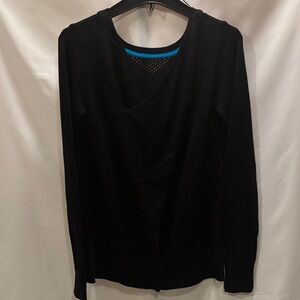 Lululemon Black Mesh Detail Top - size 10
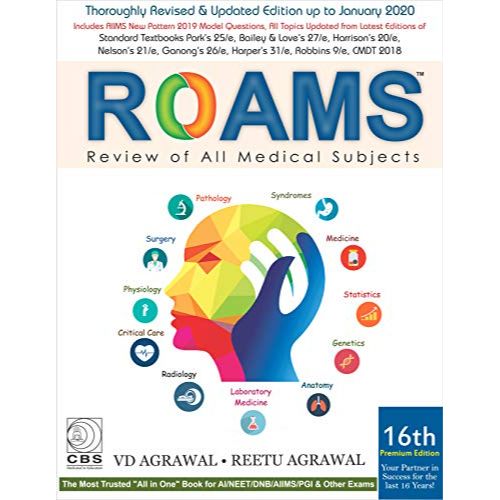ROAMS Review of All Medical Subjects By V.D. Agrawal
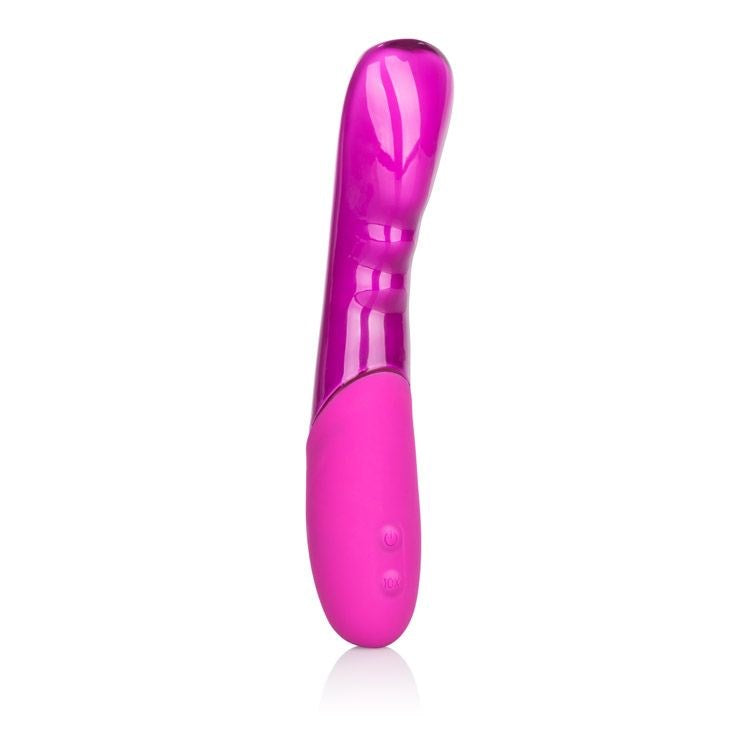 California Exotics Opal Vibrating Glass Wand with Dual Motor Technology - - Luxury Sex Toys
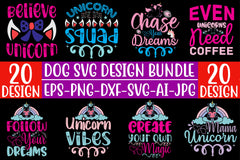 Unicorn SVG Bundle 2 - CraftNest - Digital Crafting and Art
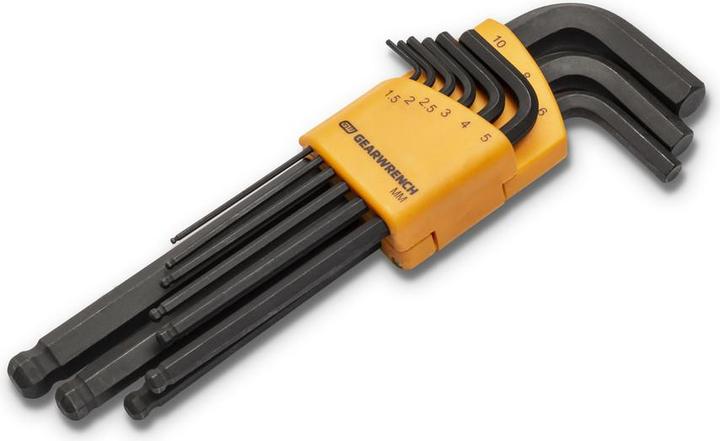 Actual product image Gear Wrench Kugelkopf-Innensechskant-Winkelstiftschlüssel Satz, 9-tlg.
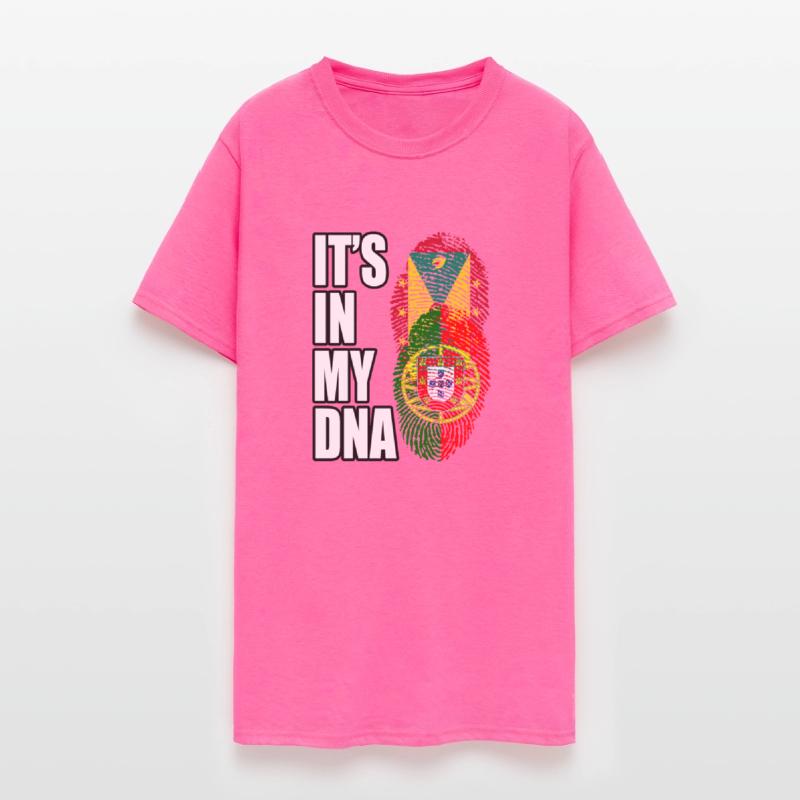 Grenadian And Portuguese Mix Heritage DNA Flag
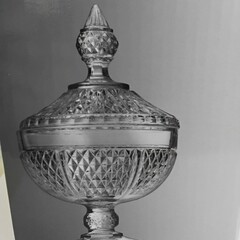 Huis en Bed Diamantvormige snoeppot met deksel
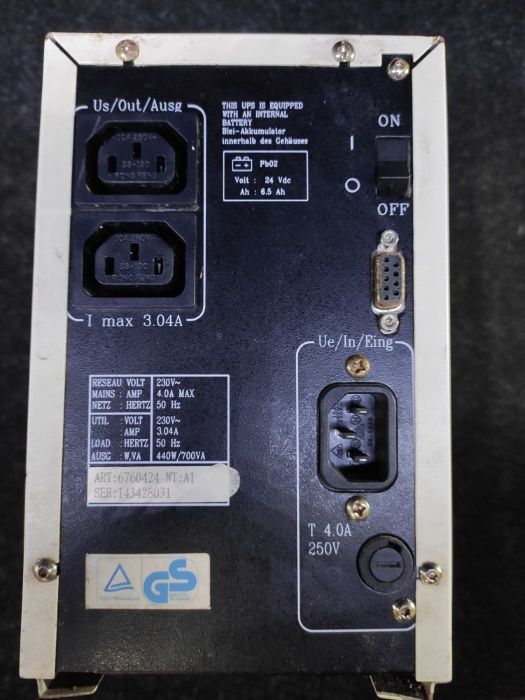 Источник бесперебойного электропитания (ИБП/UPS) Merlin Gerin Pulsar S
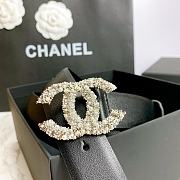 Chanel Belt Hardware Adopts Logo Classic Letter Buckle Cowhide Black – 3cm - 5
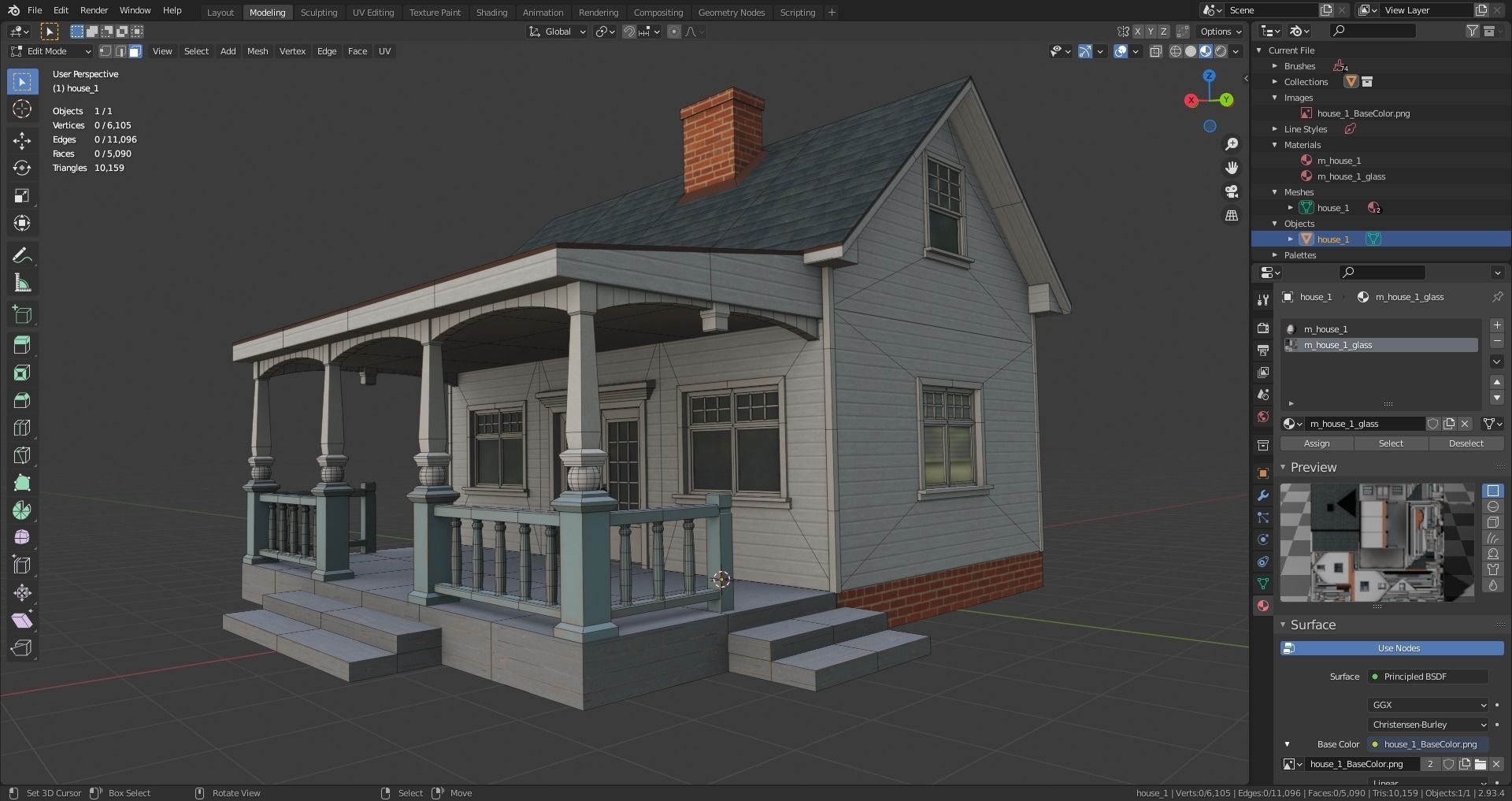house Low-poly 3D model_11
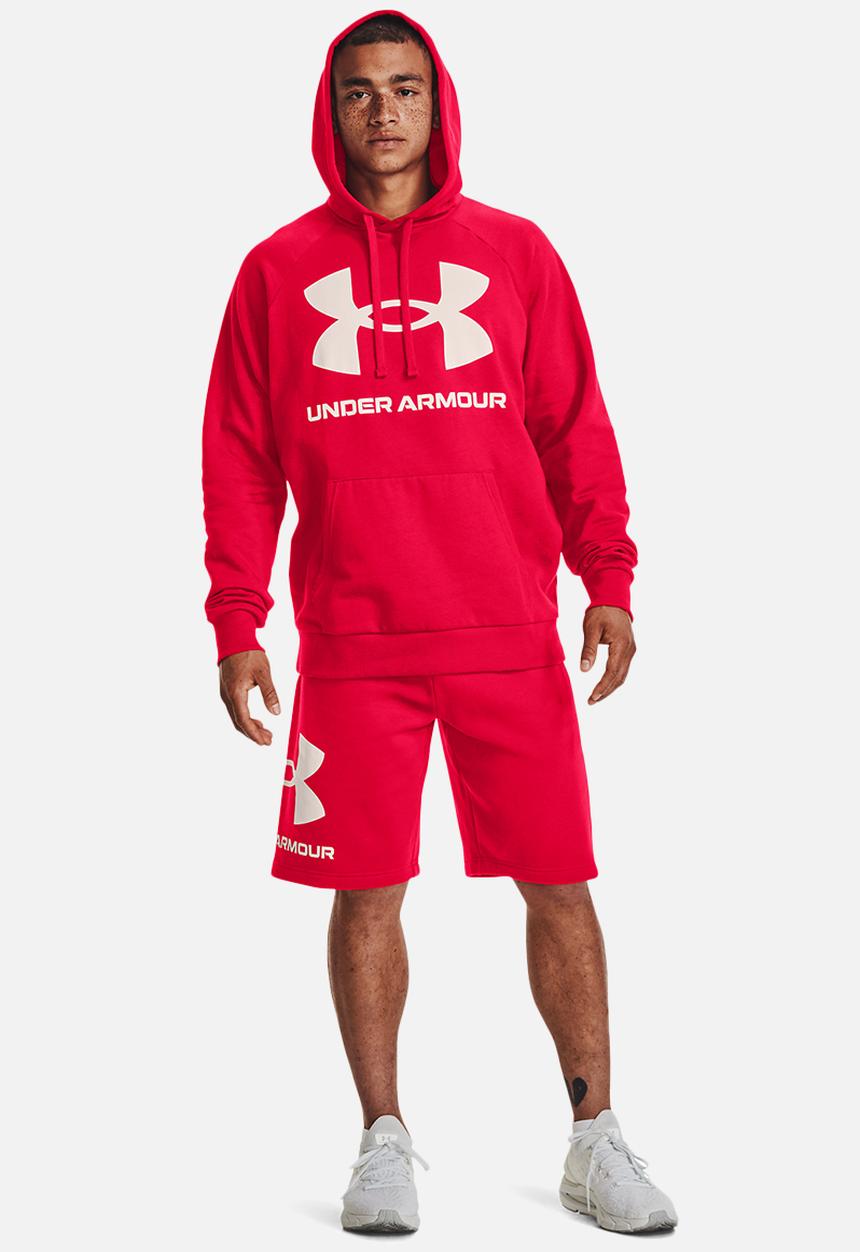Under Armour - Ua rival fleece big logo hood - red
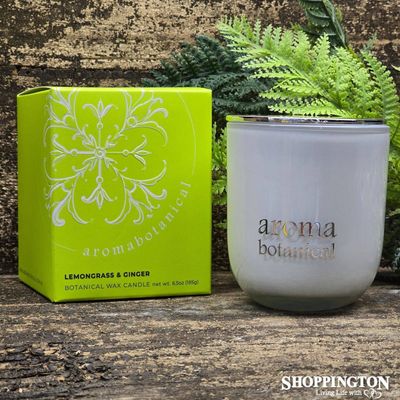 Aromabotanical Soy Wax Candle 185grams / Lemongrass and Ginger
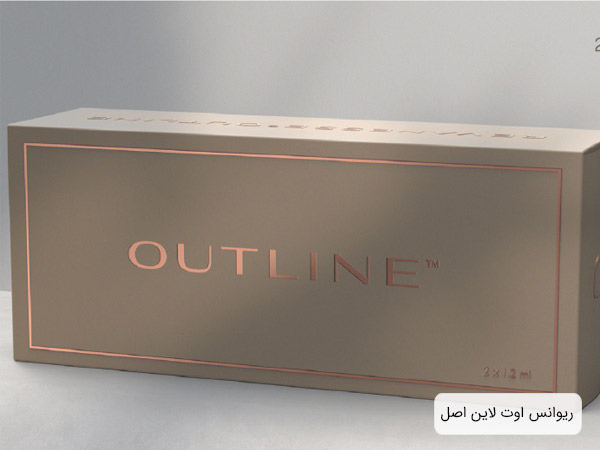 يک عدد ژل ريوانس اوت لاين اصل در پس زمينه طوسي رنگ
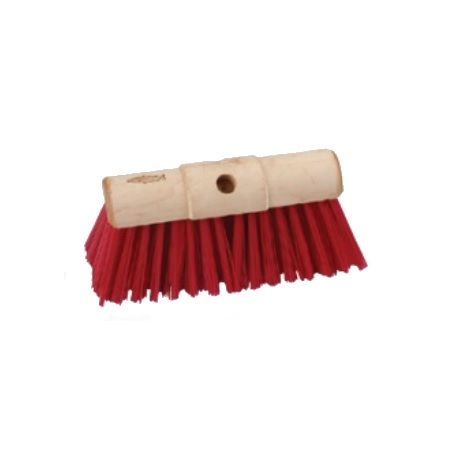BROSSE POUR BALAI DE CANTONNIER FIBRES PVC ROUGE  330x92mm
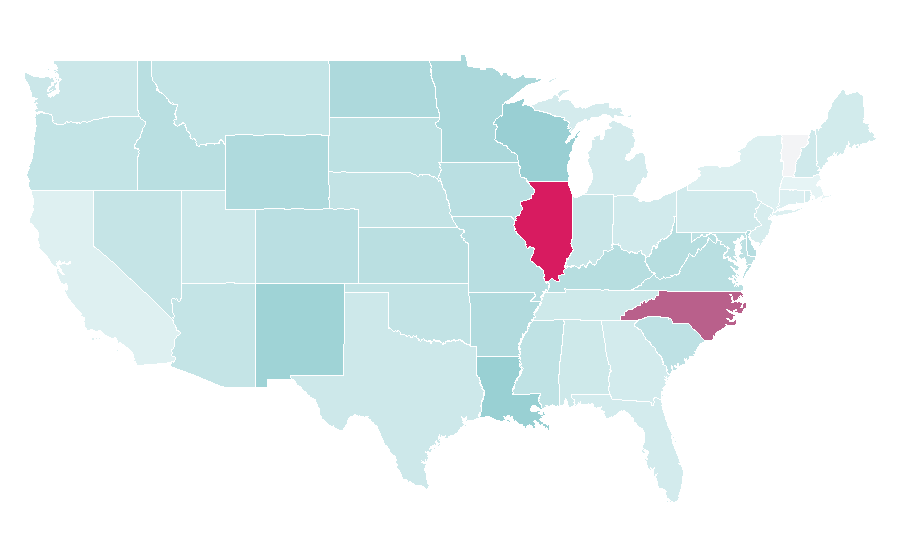 Affinity by region — Concealed carry, United States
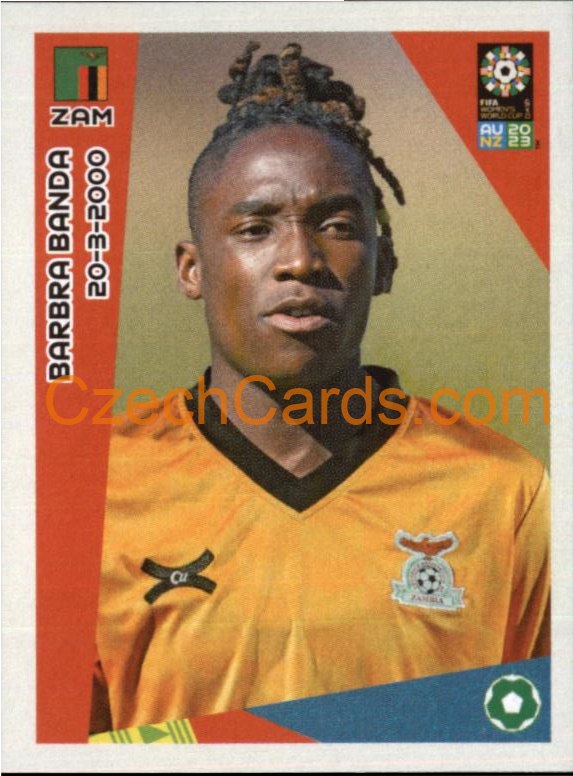 Barbra Banda Panini 2023 FIFA Women's World Cup Sticker #191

* * * * * * * * *

Task goal =
Give again, word for word, only the lines that run from the top of the data above through the line with "Unicorn SVG Bundle". Drop the pictures.

Final answer =
 Lululemon Black Mesh Detail Top - size 10
ROAMS Review of All Medical Subjects By V.D. Agrawal
 California Exotics Opal Vibrating Glass Wand with Dual Motor Technology - - Luxury Sex Toys
 Unicorn SVG Bundle 2 - CraftNest - Digital Crafting and Art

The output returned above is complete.